### Exercise material:
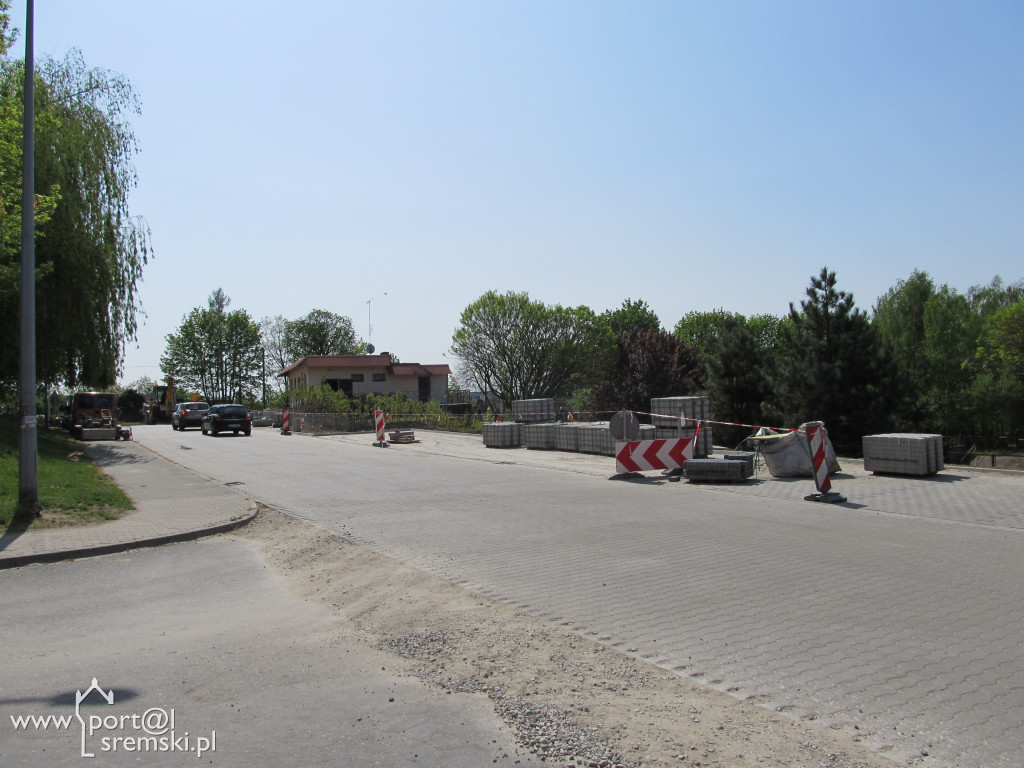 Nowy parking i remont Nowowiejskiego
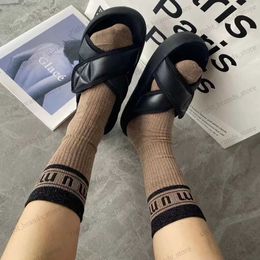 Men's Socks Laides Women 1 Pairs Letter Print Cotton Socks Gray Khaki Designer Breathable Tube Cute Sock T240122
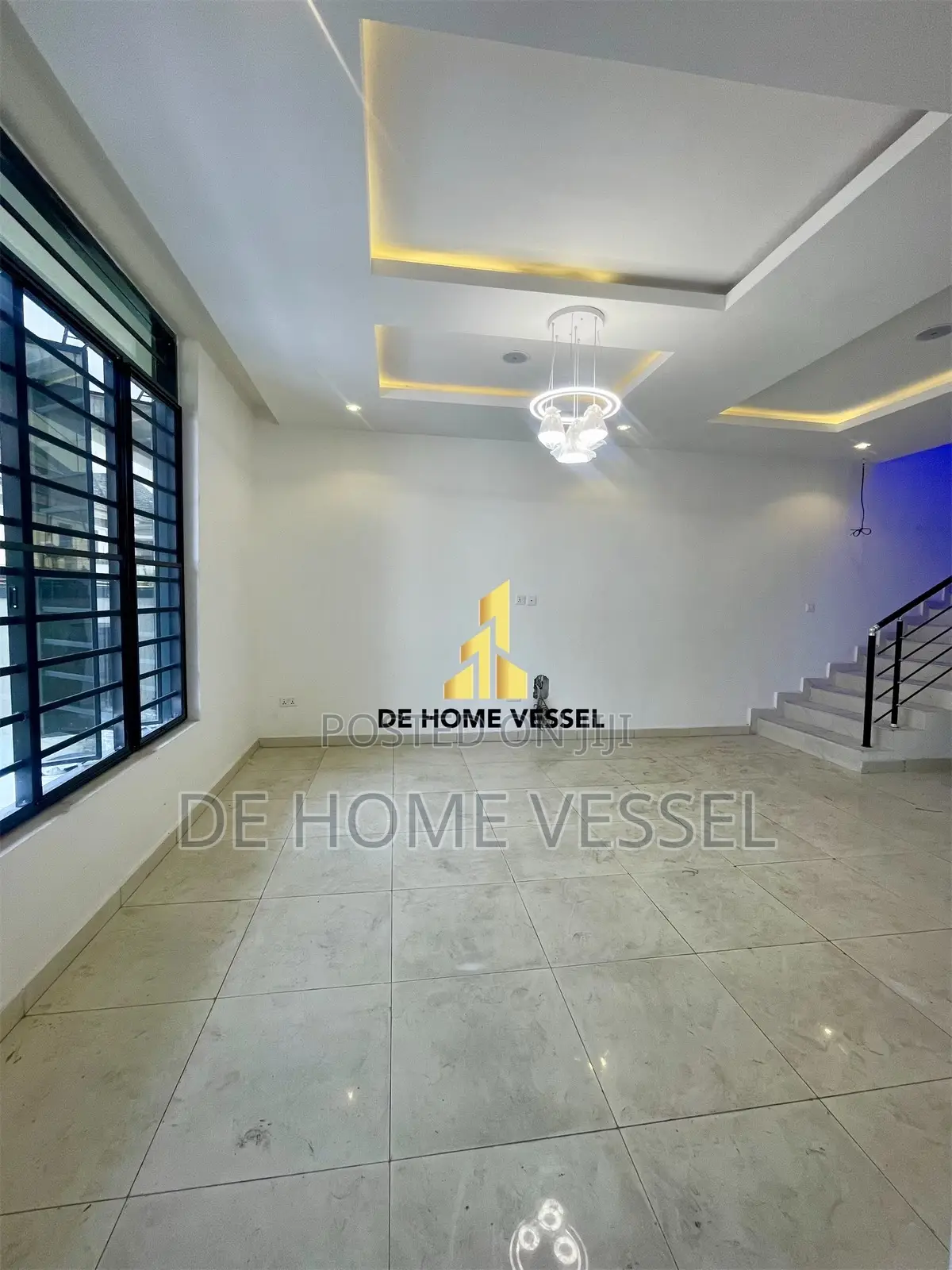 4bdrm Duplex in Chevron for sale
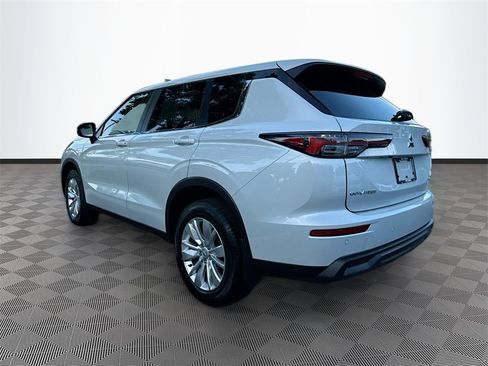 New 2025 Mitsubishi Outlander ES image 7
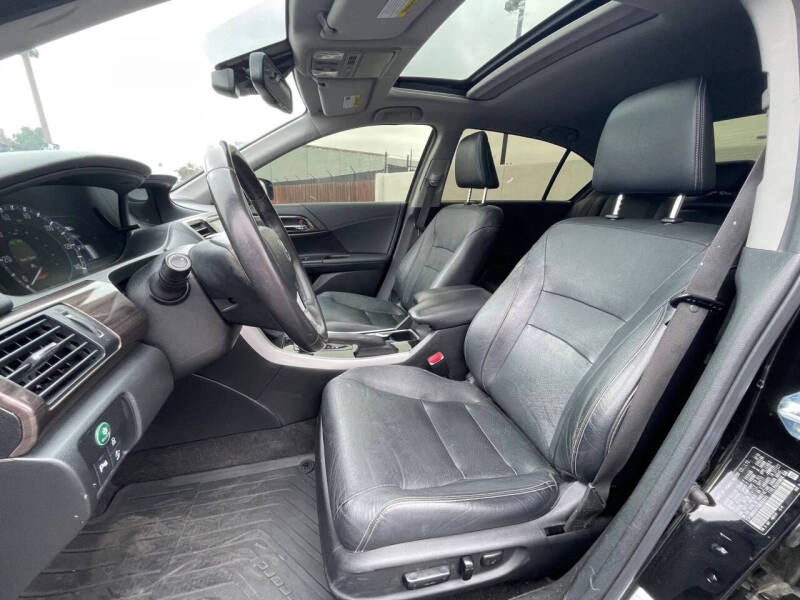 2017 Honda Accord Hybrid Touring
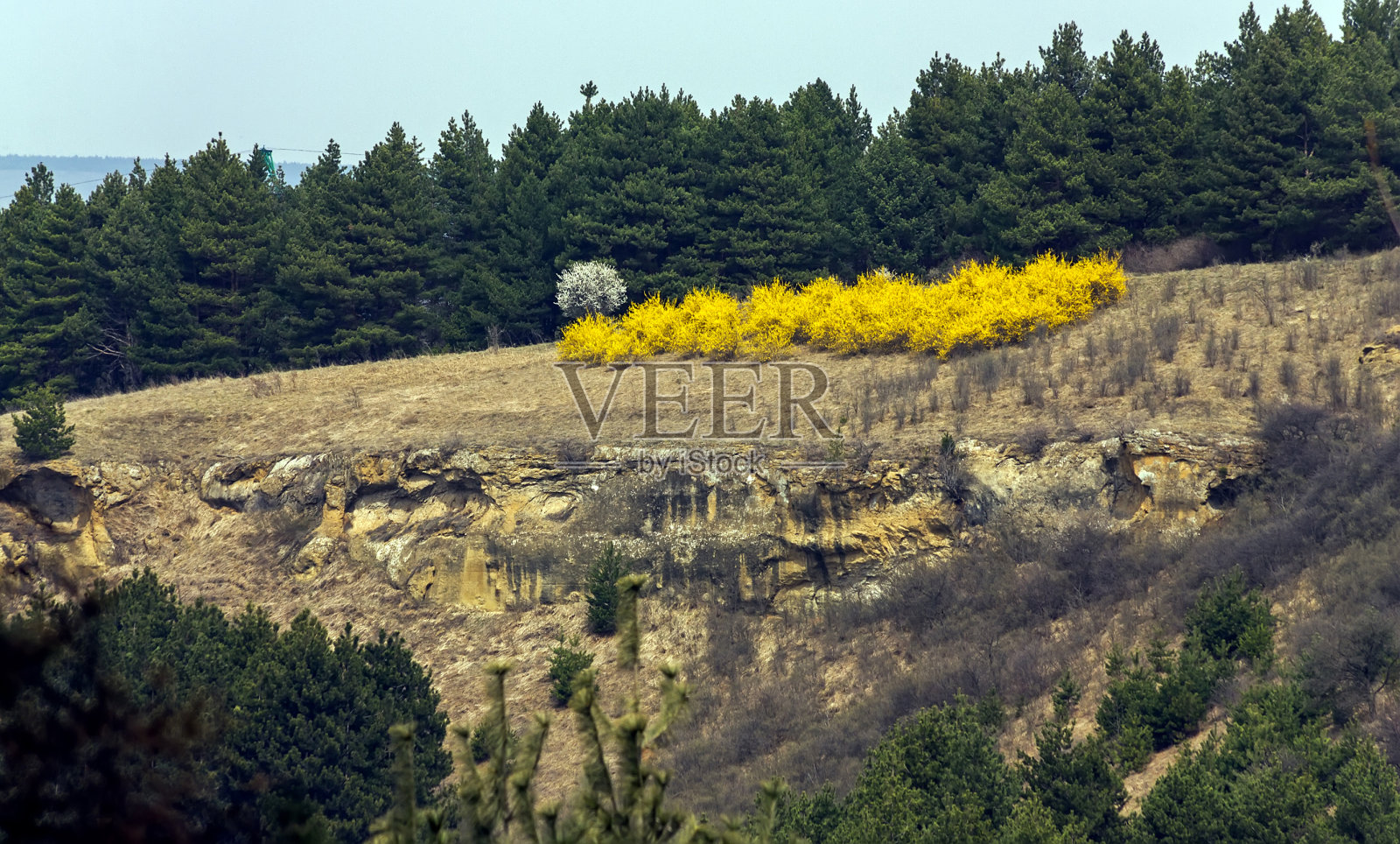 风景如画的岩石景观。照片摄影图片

### Assignment:
Images are to be skipped, and each line above is to be returned exactly.

### Exercise result:
 Nowy parking i remont Nowowiejskiego
 Men's Socks Laides Women 1 Pairs Letter Print Cotton Socks Gray Khaki Designer Breathable Tube Cute Sock T240122
 4bdrm Duplex in Chevron for sale
 New 2025 Mitsubishi Outlander ES image 7
 2017 Honda Accord Hybrid Touring
 风景如画的岩石景观。照片摄影图片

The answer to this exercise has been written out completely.